Ils ne sont ni hors du temps, ni sans talent. Mais souvent, hors du système.
Face à l’essor fulgurant de l’intelligence artificielle, une partie de la jeunesse marocaine sans diplôme, mise à l’écart des circuits traditionnels, cherche sa place dans une ère qui redéfinit les règles du jeu.
Entretien avec Khalid Kabbadj, expert en ingénierie patrimoniale et financière.
Finances News Hebdo : Comment concilier développement de l’IA, inclusion sociale et investissement dans les compétences ?
Khalid Kabbadj : L’IA est un formidable levier de performance, mais si elle ne s’accompagne pas d’un investissement clair dans les compétences, elle risque de renforcer les inégalités existantes. Pour moi, la vraie question n’est pas de savoir ce que l’IA va automatiser, mais comment elle peut élargir l’accès au savoir utile, celui qui permet à un jeune, quel que soit son niveau initial, d’entrer dans une dynamique de progression réelle.
Aujourd’hui, le coût marginal de la formation a chuté grâce aux outils de l’IA. Un jeune peut apprendre à coder, concevoir des visuels, gérer un projet en ligne… mais il faut que ces savoirs soient reconnus et valorisés dans des écosystèmes économiques concrets. Sinon, on reste dans une logique d’apprentissage sans débouché. Je crois profondément que le Maroc doit faire de l’IA un outil de planification des talents, à commencer par identifier les besoins stratégiques (offshoring, logistique, digital content…), aligner les compétences émergentes, et créer des passerelles inclusives vers ces filières. Il ne suffit pas de parler d’IA, il faut qu’elle serve nos priorités économiques et sociales.

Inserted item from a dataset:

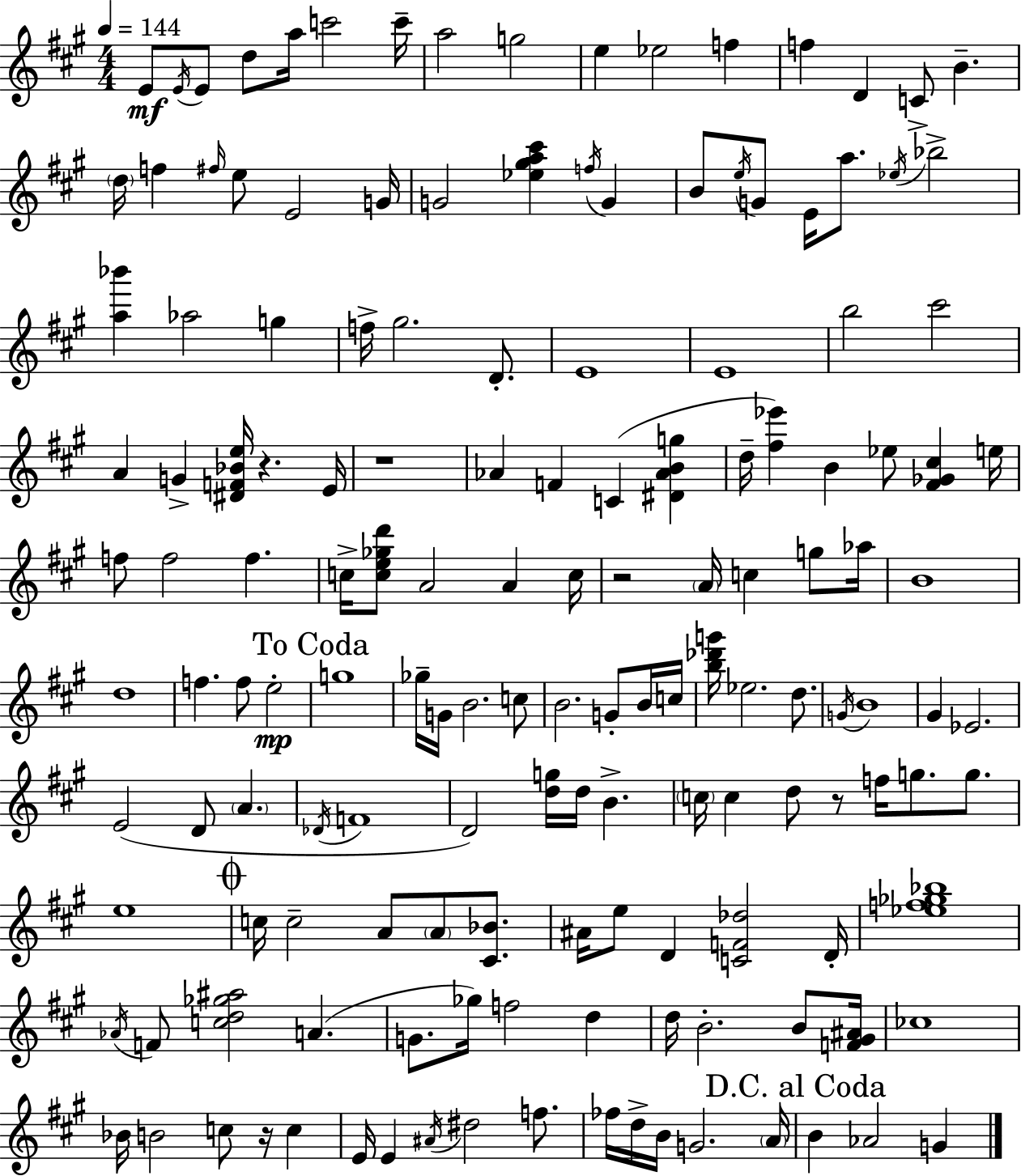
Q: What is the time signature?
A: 4/4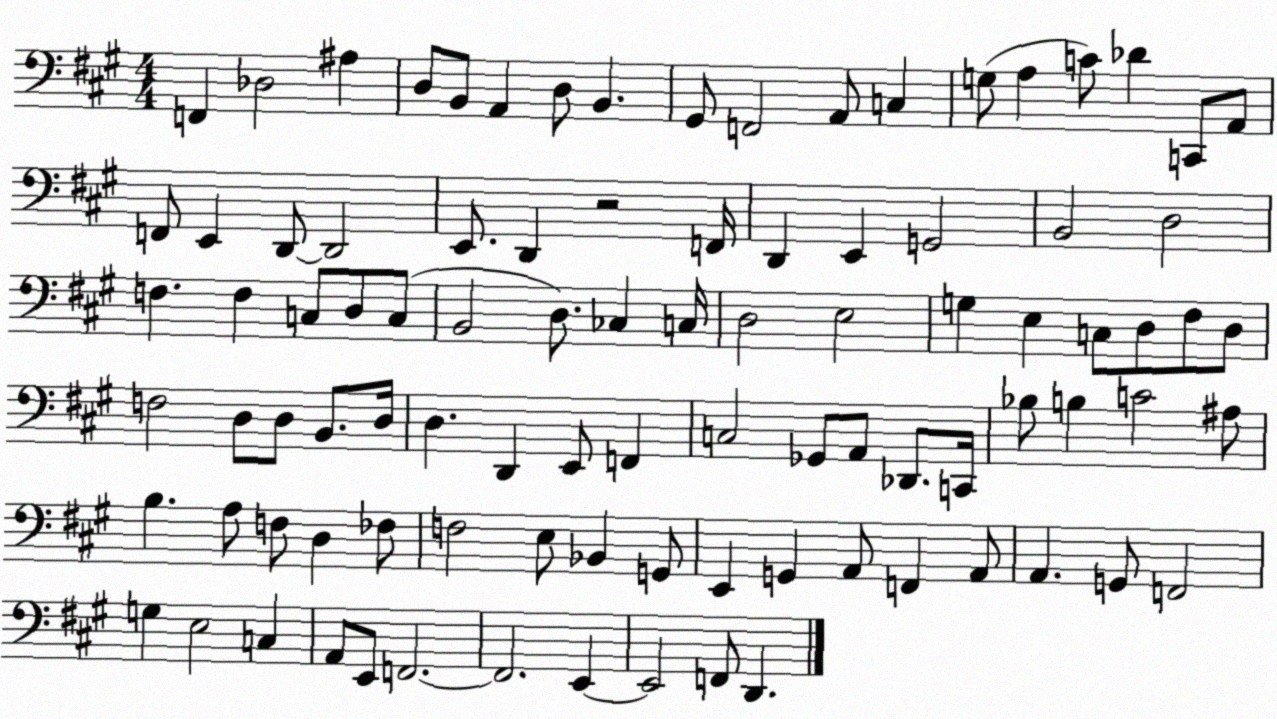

FNH : Peut-on intégrer les jeunes non diplômés dans une économie IA-compatible ?
Kh.K : Effectivement, on le peut et surtout, on le doit. Si on ne le fait pas, on programme leur mise à l’écart pour une génération entière.
L’économie IA-compatible ne concerne pas uniquement les ingénieurs ou les data scientists. Elle s’étend à toute une constellation de métiers périphériques tels que la gestion de contenu, l’animation de communautés, les services numériques à distance, l’assistance virtuelle, ou encore le micro-freelancing. Des domaines accessibles à des jeunes sans diplôme, s’ils disposent des compétences ciblées et du bon écosystème. Ce qui manque aujourd’hui, ce n’est pas la capacité à apprendre, mais des structures de validation, de soutien, et de projection. Il faut des dispositifs qui reconnaissent les parcours non linéaires, qui certifient autrement et qui accompagnent sans stigmatiser.

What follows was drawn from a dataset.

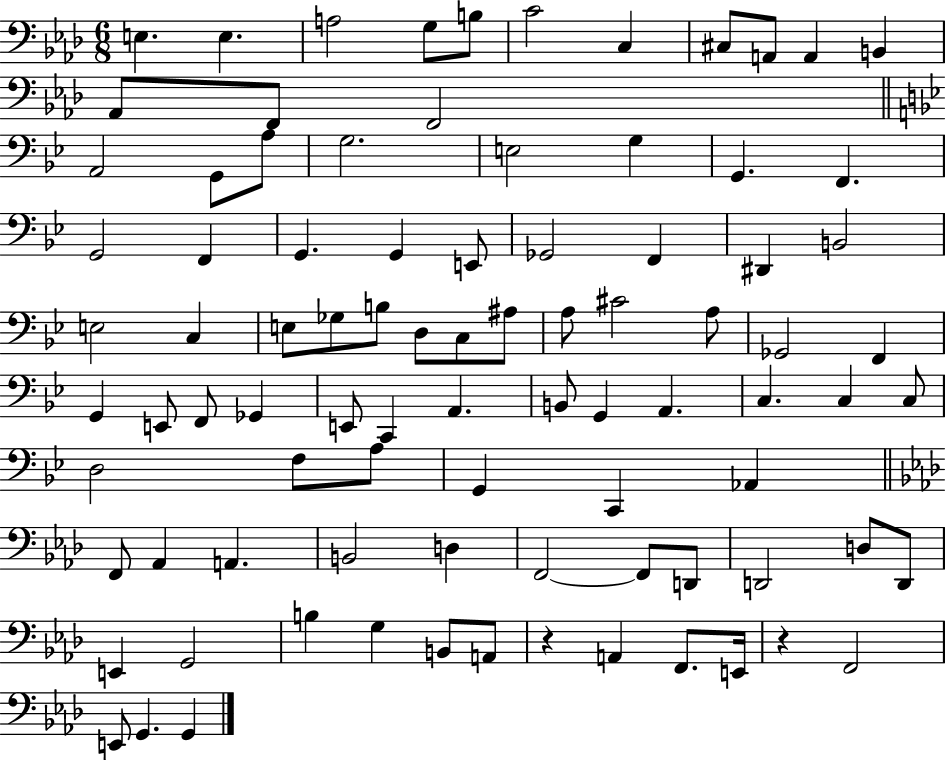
E3/q. E3/q. A3/h G3/e B3/e C4/h C3/q C#3/e A2/e A2/q B2/q Ab2/e F2/e F2/h A2/h G2/e A3/e G3/h. E3/h G3/q G2/q. F2/q. G2/h F2/q G2/q. G2/q E2/e Gb2/h F2/q D#2/q B2/h E3/h C3/q E3/e Gb3/e B3/e D3/e C3/e A#3/e A3/e C#4/h A3/e Gb2/h F2/q G2/q E2/e F2/e Gb2/q E2/e C2/q A2/q. B2/e G2/q A2/q. C3/q. C3/q C3/e D3/h F3/e A3/e G2/q C2/q Ab2/q F2/e Ab2/q A2/q. B2/h D3/q F2/h F2/e D2/e D2/h D3/e D2/e E2/q G2/h B3/q G3/q B2/e A2/e R/q A2/q F2/e. E2/s R/q F2/h E2/e G2/q. G2/q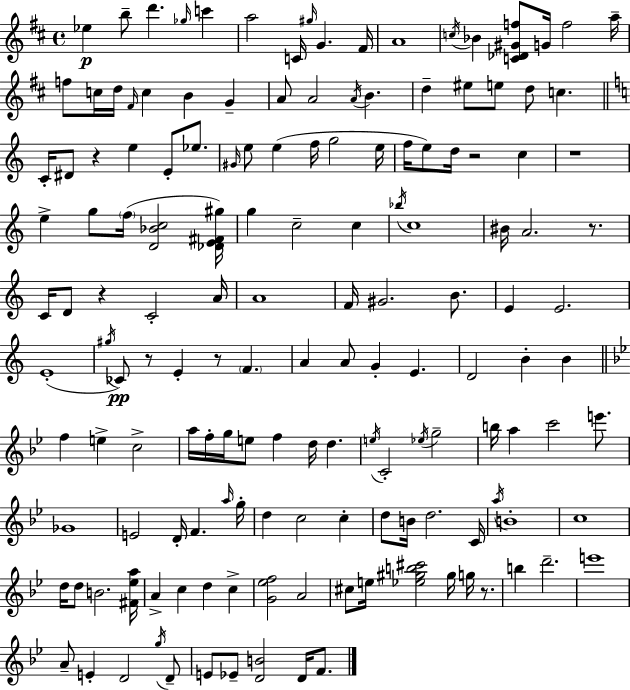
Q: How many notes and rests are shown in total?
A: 152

Je suis convaincu que si l’on crée des certifications modulaires, des badges numériques validés par les acteurs économiques, si l’on valorise réellement les talents émergents y compris ceux qui se sont formés seuls, alors l’IA peut devenir un accélérateur d’inclusion. Mais cela suppose un changement de culture, et une volonté politique qui se traduit par croire dans les potentiels silencieux.
FNH : Comment éviter que l’IA ne bénéficie qu’à une élite connectée et instruite ?
Kh.K : L’IA, si elle n’est pas encadrée, va mécaniquement profiter à ceux qui sont déjà informés, connectés et diplômés.C’est presque une loi naturelle du progrès technologique. Si l’on veut qu’elle serve à autre chose qu’à amplifier les écarts, il faut repenser les conditions d’accès et de reconnaissance des compétences.
Je crois à une double exigence. D’abord, un accès universel à l’infrastructure numérique. L’inclusion n’est pas possible si certaines régions restent isolées technologiquement. Ensuite, une politique publique de validation souple pour les savoirs acquis de manière informelle, en ligne, en entreprise, dans la pratique.
L’intelligence artificielle ne doit pas créer une élite technique réservée à ceux qui ont les bons codes. Elle doit être l’outil d’un capital humain élargi, plus agile, mieux distribué, et mieux aligné avec les besoins des territoires. Il faut cesser de penser que seuls les parcours académiques sont légitimes. Le Maroc de demain ne se construira pas uniquement dans les amphis, mais aussi dans les garages, les fablabs, les incubateurs et les expériences de terrain.